Prasad’s memo signaled his intention to change how the FDA assesses vaccine safety and efficacy. He wrote, "Never again will the US FDA commissioner have to himself find deaths in children for staff to identify it," and told employees that the agency's mission and "worldview" would shift.
The core of Prasad’s argument relied on reports from the Vaccine Adverse Event Reporting System (VAERS), which he used to claim at least 10 pediatric deaths occurred “after and because of” covid vaccination. However, VAERS is an open reporting system where anyone can submit claims; scientists emphasize that these reports are not proof of causation but serve as early warnings for further investigation.
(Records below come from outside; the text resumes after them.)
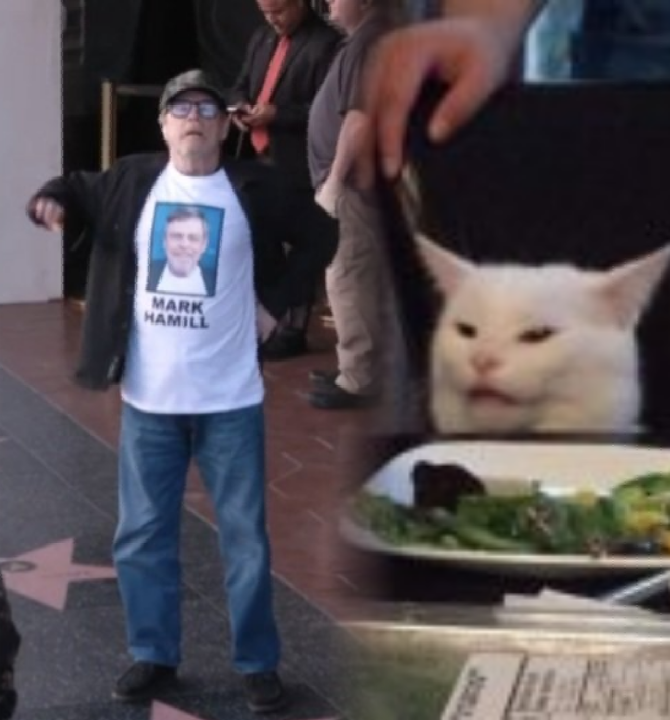 High Quality Mark Hamill and Smudge Blank Meme Template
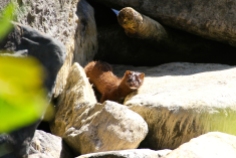 Stoat/weasel thing playing at the water's edge in between rocks.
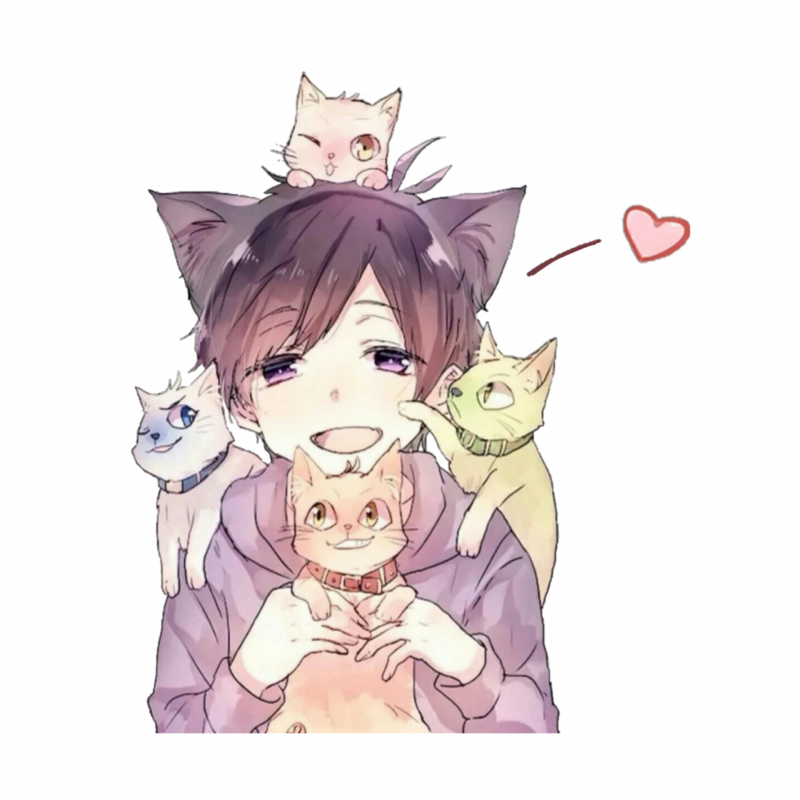 Кошачья любовь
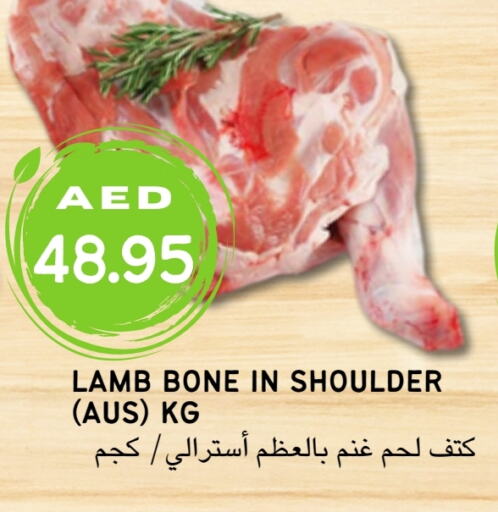  لحم الضأن / الغنم  in Select Market  in الإمارات العربية المتحدة , الامارات - أبو ظبي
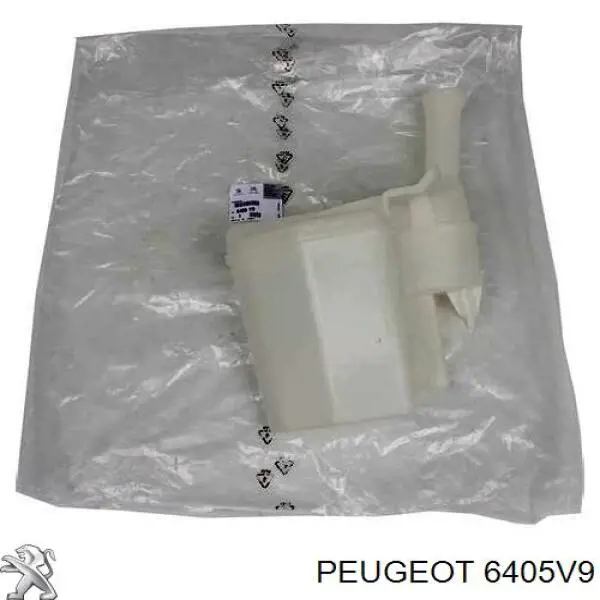 6405V9 Peugeot/Citroen Tanque de fluido para lavador de vidro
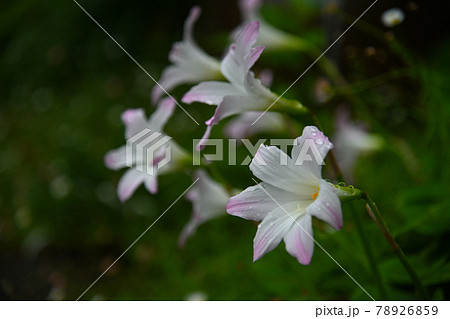 白百合 白百合 78926859
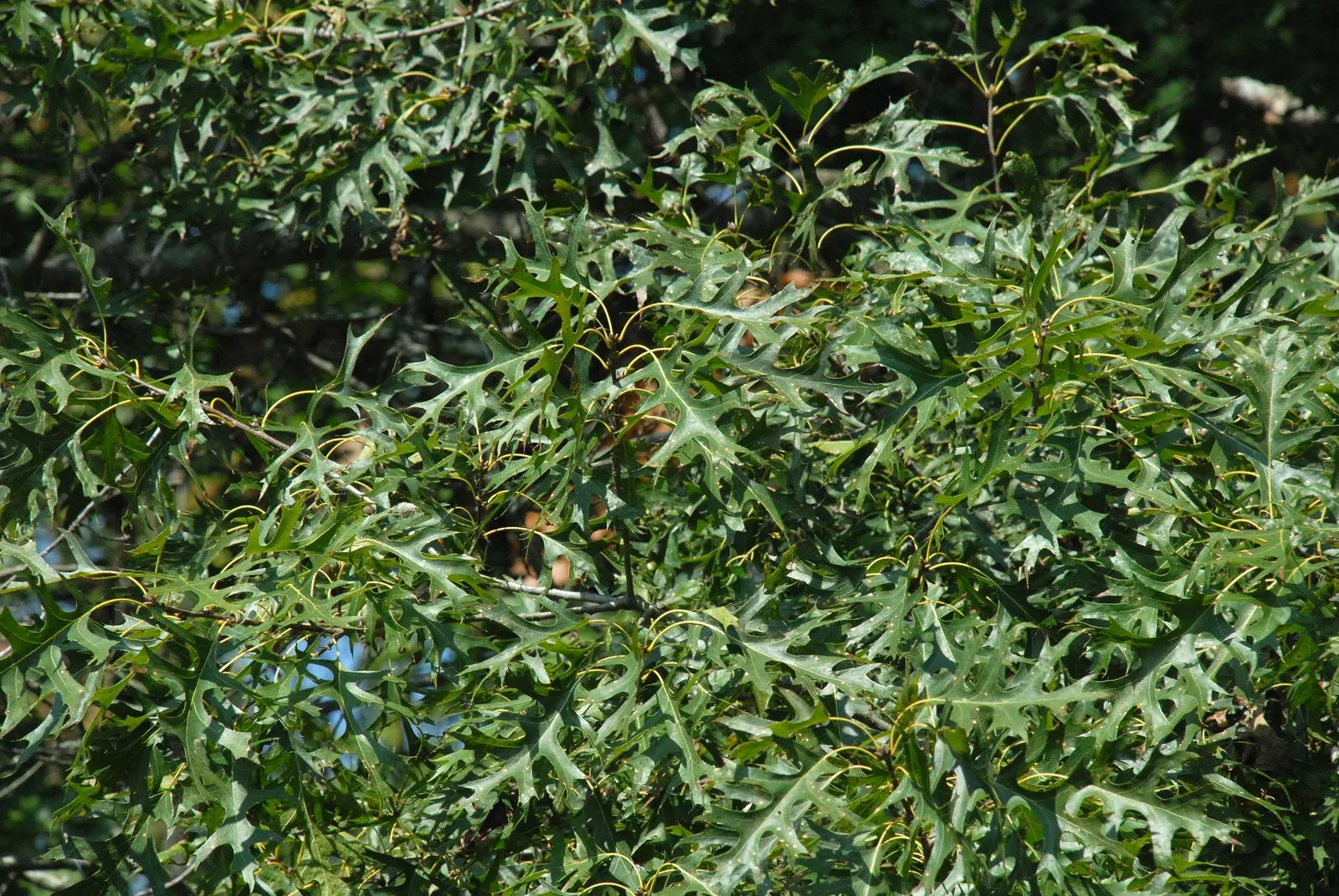 Shumard Oak (Quercus Shumardii) — Essential for diverse landscapes, it enhances ecological value; flourishing in USDA hardiness zones 5 through 9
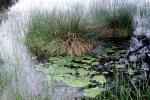 wetlands, reeds, water, slough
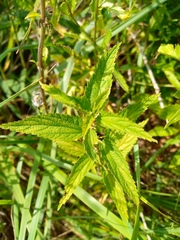 Urtica dioica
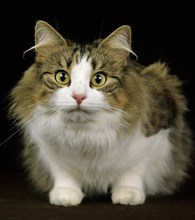 Skogkatt domestic cat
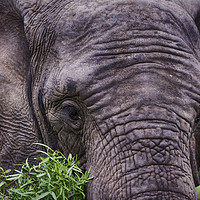Buy canvas prints of Captivating Elephant Encounter in Entabeni Reserve by Gilbert Hurree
On December 11, Inside Medicine reported on Substack that Prasad used incomplete information. An internal FDA memo dated December 5 put the number of potential pediatric deaths between zero and seven. Emily Hilliard, spokesperson for the Department of Health and Human Services, commented: "The FDA's investigation into deaths caused by Covid vaccines is still ongoing and there's no final count yet of those deaths."
Prasad also criticized how federal agencies communicated about heart inflammation risks in young men, questioned approvals for teenage vaccinations, and suggested school or workplace mandates may have done more harm than good. He argued that current methods relying on immune markers such as antibody levels are insufficient, advocating instead for large placebo-controlled trials tracking hospitalizations or deaths before approving new vaccines.
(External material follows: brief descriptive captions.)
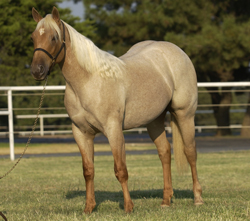 Palomino Roan Horse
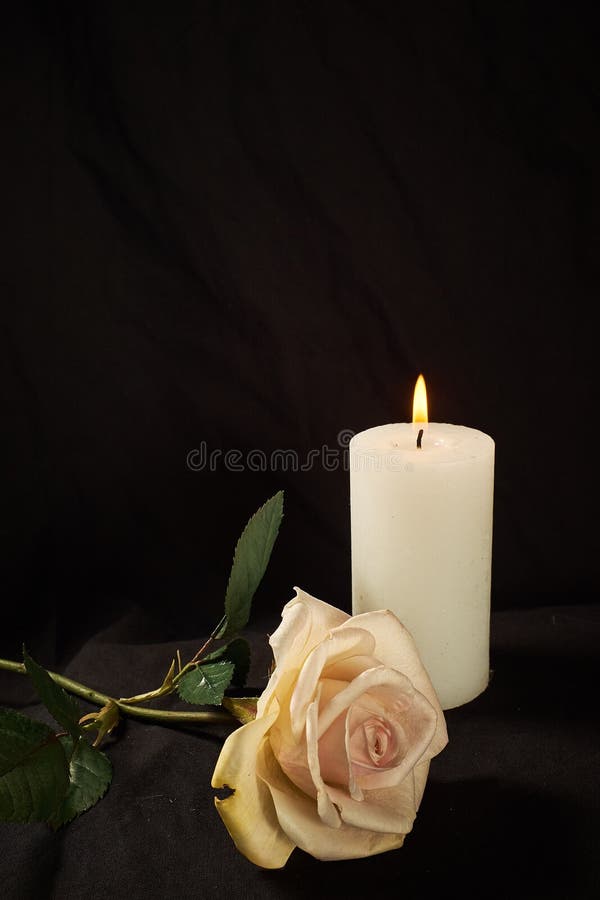 Burning Candle and a Beautiful Rose on a Black Background Stock Image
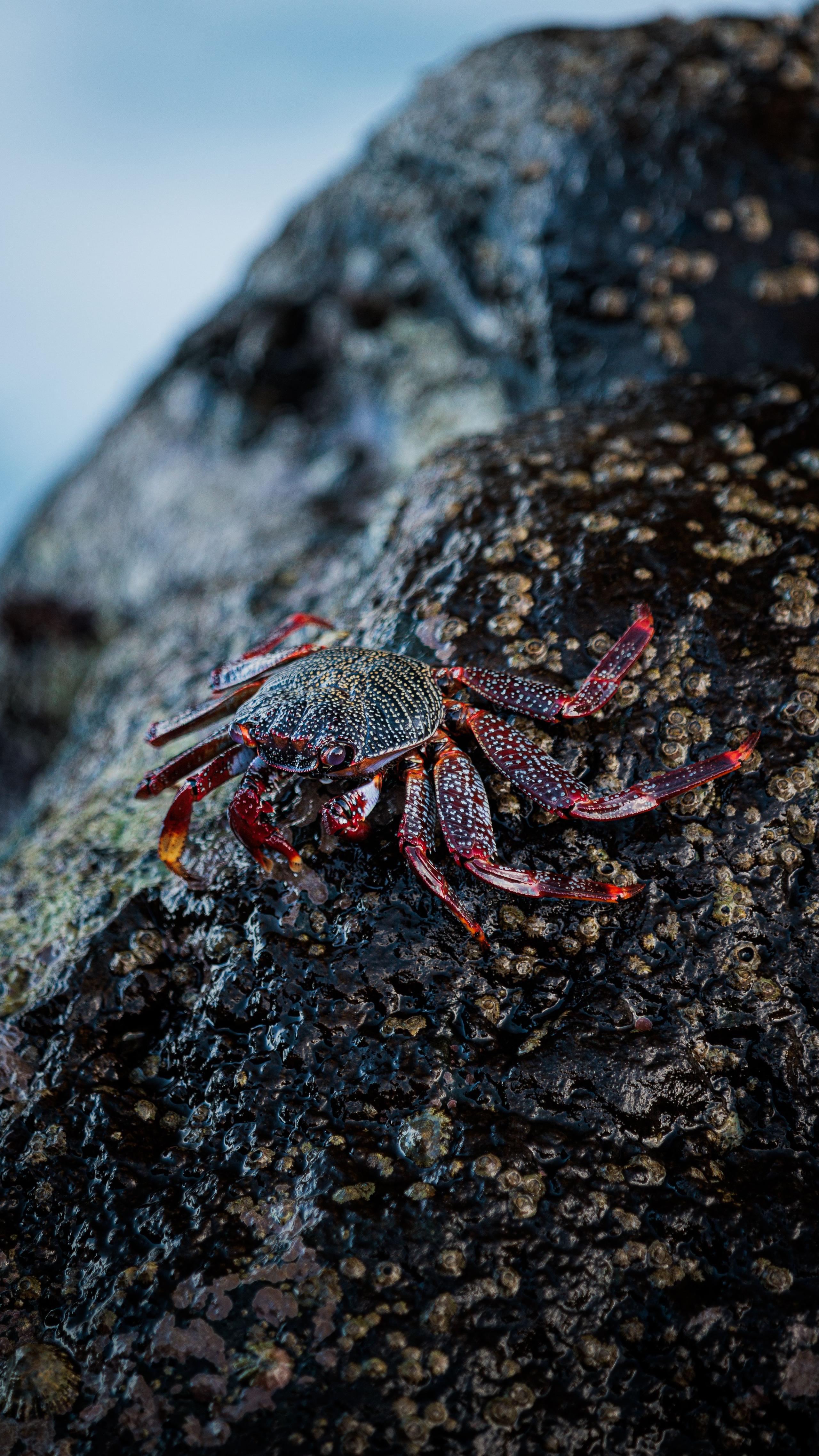 Red crab on a volcanic rock by the ocean in Tenerife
Many experts say this approach is unethical if a vaccine is already proven effective. Lawrence Gostin, professor at Georgetown University, said: "There is a rock-solid principle in bioethics that it is unethical to test any drug or vaccine against a placebo if it is known to be safe and effective. The reason is that such placebo-controlled trials would effectively deny patients access to a vaccine that could prevent a dangerous infectious disease."
Former FDA leaders expressed concern that Prasad’s stance could undermine decades of childhood immunization success. Robert Califf, former FDA commissioner, said: "This is really different. And it's really dangerous. And people will be hurt, particularly by the vaccine decisions." He warned that policies echoing those advocated by Health and Human Services Secretary Robert F. Kennedy Jr., who has long opposed vaccines, could destabilize the market: "If the proposals advance...it won't be a viable business."
Hilliard defended Prasad’s approach: "The American people deserve evidence-based science. Prasad's email lays out a philosophical framework that points us toward that higher standard. We will soon release documents laying out that framework and data confirming how the COVID vaccine resulted in children's deaths that previous leadership failed to properly investigate."
Experts highlighted risks beyond covid vaccines if trust erodes in regulatory processes or safety monitoring systems like VAERS are misused as definitive proof rather than signals needing confirmation through rigorous studies.
Katherine Yih of the CDC’s Vaccine Safety Datalink program stated: "VAERS signals should never be taken as proof of true vaccine risks without careful, confirmatory studies." Robert Hopkins from the National Foundation for Infectious Diseases added: "Causation requires converging evidence, not just one report or coincidence."
If parents lose confidence in longstanding childhood vaccines due to perceived mishandling at the FDA level—experts warn—protection against diseases like measles or polio could falter.
Gostin noted: "Science must be transparent...Once they believe that the agency is marginalizing scientists and cherry-picking evidence, their trust will plummet."
The former commissioners cautioned in their NEJM article that requiring full clinical trials for every new or updated shot would slow improvements and leave people unprotected against fast-changing viruses like flu or covid.
Additionally, there are concerns about industry effects if development slows or companies exit due to increased regulatory burdens—potentially resulting in shortages or fewer innovations.
Internally at the FDA, Prasad discouraged public debate among staff over these issues; he instructed dissenters to resign and called leaks “unethical” and “illegal.” Susan Ellenberg—a former director within the agency—warned this attitude could weaken scientific integrity: "If disagreement is treated as disloyalty, you lose the only mechanism that keeps science honest." Kathryn Edwards from Vanderbilt University Medical Center echoed this sentiment regarding weakened checks on safety reviews.